It's a really grand vision, but Apache Hadoop's architecture has left many opportunities for improvement. What I see all across the board when I talk to customers is that there are problems that will be faced at some point within Apache Hadoop or any new user. The first that I see is cluster sprawl predominantly related to the lack of multitenancy capabilities. Mixed workloads, like wanting to run NoSQL and analytics on the same hardware. Isolated security between clusters. I really see it a lot in financial industries.
All of these things lead to administration complexity. Additionally, consumers have been looking toward a platform that brings something more— it's this view of a single converged platform in the ecosystem: one cluster that supports true multitenancy, one location to administer the platform including security backups, point-in-time consistent snapshots, and disaster recovery capabilities.
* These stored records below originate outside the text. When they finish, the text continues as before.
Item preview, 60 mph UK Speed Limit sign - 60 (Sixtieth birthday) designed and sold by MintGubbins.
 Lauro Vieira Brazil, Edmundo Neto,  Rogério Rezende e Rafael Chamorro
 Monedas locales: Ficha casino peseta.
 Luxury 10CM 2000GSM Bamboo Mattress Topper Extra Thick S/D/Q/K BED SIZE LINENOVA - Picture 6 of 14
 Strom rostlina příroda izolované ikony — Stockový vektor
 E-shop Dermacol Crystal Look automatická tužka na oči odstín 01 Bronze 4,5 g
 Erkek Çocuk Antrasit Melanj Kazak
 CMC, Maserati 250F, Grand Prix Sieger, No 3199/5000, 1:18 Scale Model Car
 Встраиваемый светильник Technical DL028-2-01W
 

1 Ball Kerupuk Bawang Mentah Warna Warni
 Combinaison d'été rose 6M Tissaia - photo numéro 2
They should consider platforms that support random read/write capabilities that nearly every enterprise application created for the last 40 years has come to expect from their file systems.
That helps to simplify data integration. They'll be best served when they look at systems that have POSIX compliance and support NFS without any special considerations for how to configure it within their platform. The benefit is that the approach will prevent the need to purchase or build custom adapters for every legacy system they have in their business. Every business is different.
The final thing is that I would encourage when people are considering moving in this route for their enterprise architecture, is that they read up on the Zeta architecture. It's an enterprise architecture that enables any business to leverage all of their resources for any use case, and that's the most important business proposition now. Refocus your business to what's important now. It enables any business to effectively operate at Google scale without having to require thousands of data centers.
Richard, what do you think?
Richard: One trend we see emerging is Hadoop as the platform for the enterprise data lake or data repository. A lot of customers start out their journey with Hadoop thinking primarily about applications. As soon as they've even piloted more than one, they find themselves dealing with the issues of data sharing and data management in the Hadoop environment. I've spent the last year helping customers architect their data lake, and they need systematic approaches to metadata capture and to publishing data to make it available to users for self-service.
Customers often want a 360-degree-view of the customer. This includes all the new data, social, media data, mobile data, web log data, physical interaction data, and geo data, and these things tend to be on the Hadoop platform. So there's a large data management challenge taking place on Hadoop, or taking shape on Hadoop, and the architectures for Hadoop are developing around that data management challenge.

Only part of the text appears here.